DEVOTION: Spreading the Load (Exodus 1,5, 15-27)
In many churches, people look up to their leader, not only as the spiritual leader of their congregation, but as someone who is multi-skilled. Indeed, the expectation is that he or she will be everywhere, and do everything. Someone who will have time to visit everyone (and often). Someone who can be there to sort issues out and see to everybody’s needs. And someone who will be available to the churched and the unchurched, and have time to baptise babies, marry couples and bury the dead. Have I missed anything?
And yet, when we read the story of Moses in Exodus, we learn that even someone like Moses—who tried to be there for everyone—just couldn’t do it. Not only that, it was obvious he couldn’t do it. And even his father in law, within twenty-four hours of his arrival, could see that. Which is why Jethro suggested a way forward that was not only in Moses’s interests, but in the people’s interests too.
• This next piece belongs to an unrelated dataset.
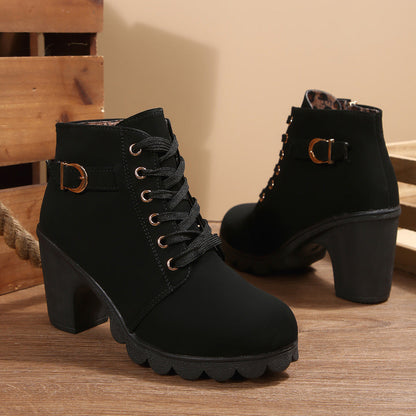 Fiorelle Women's Buckle Decorated Chunky Heel Ankle Boots - Side Zipper & Lace-Up Round Toe Mid-Calf Equestrian Boots (US 4-10)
And what Jethro suggested was to create a sort of pyramid of carers. With Moses at the top, others underneath, and even more underneath them, and so on.
Now it’s interesting that these days “experts” tell us that one person cannot care properly for any more than eight to twelve people. And, yet, the formula that Jethro came up with, was that there should be “officials appointed over the people of thousands, hundreds, fifties and tens.” In other words, there should be one person appointed for every ten people.
Now this passage talks only in terms of people being appointed judges, to settle disputes. But if that kind of formula is required for the appointment of judges, then to expect one person to care for more than ten people—as well as doing a lot of other things besides—really doesn’t make sense. And, of course, that has great implications for the way we model our churches today.
So, what should our model be of the church? Well, we too may well need more people who are prepared to care for the people. We too may well need more people to ease the burden of the leaders of the church. And we too may well need more people to put their hands up, and say, “Yes I am willing to help.”
Fortunately for Moses, he got that help, and because of that he could take the people on a journey that might not otherwise have been possible. But have we got the people who are willing to help too?